Forty-year-old forward Troy Parker also called it quits, after 447 senior games.
He contributed a vital goal late in the third quarter, getting away a snap to answer goals from Dylan Weickhardt and Drew Kelly (a cracker from the boundary) that put the Rosellas in front.
Ruckman Vergim Faik nailed a set-shot to send Dingley into the last change 12 points to the good.
Grittily, the Dingoes stayed there, completing a 12-goal turnaround from the result two weeks earlier.
Morwood called it an “incredible effort’’.
“Got them back on track, put a line through the second semi,’’ he said. “It wasn’t us. But to prove that you’ve got to produce the next week and obviously in the big dance here today. We had certain things we had to focus on, certainly some structure things, and I think they did it spot on today,’’ he said.

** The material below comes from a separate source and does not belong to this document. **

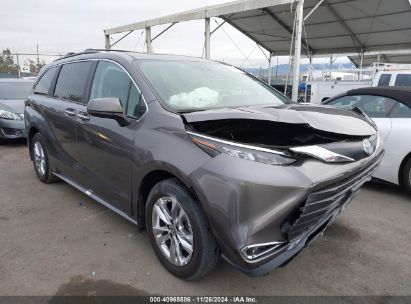 2024 TOYOTA SIENNA XLE Gray  Hybrid 5TDJRKEC1RS214644 photo #1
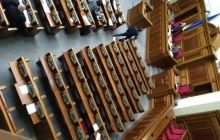 В Раду прибыл Яценюк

“Once you’re in the game and the pressure’s on, they (Chelt) weren’t used to that from 14 days ago. The mind games are super-important.’’
Onballer Chris Horton-Milne received the medal as best-afield, shading Travis La Rocca and Dingley favourite Lucas Walmsley.
On a day when goals were as valuable as gold, the Dingoes got two from young players Remmi Faulkner-Wood, steering through a set-shot in the first quarter, and Rory Goldsmith, intercepting a stray Cheltenham handball in the third term.
McTaggart booted two in the second quarter for the Rosellas, the first a superb snap in the demanding conditions.
He was among Cheltenham’s best, alongside his captain, Jack Worrell, and the doughty Weickhardt.
Rosellas coach Des Ryan said his team had a tremendous season and had played “exciting football’’.
“Unfortunately in the conditions today we didn’t take the game on as much as we could have,’’ he said.
“They (Dingley) closed us up at the right times. I wanted the boys to be courageous with their ball movement, change direction, but we didn’t do it enough. Disappointing because the opportunity was there. We had blokes in good form but we couldn’t get all of them in the game. The first half of the third quarter was really good but a good opponent who knows this end of the season rode it out.’’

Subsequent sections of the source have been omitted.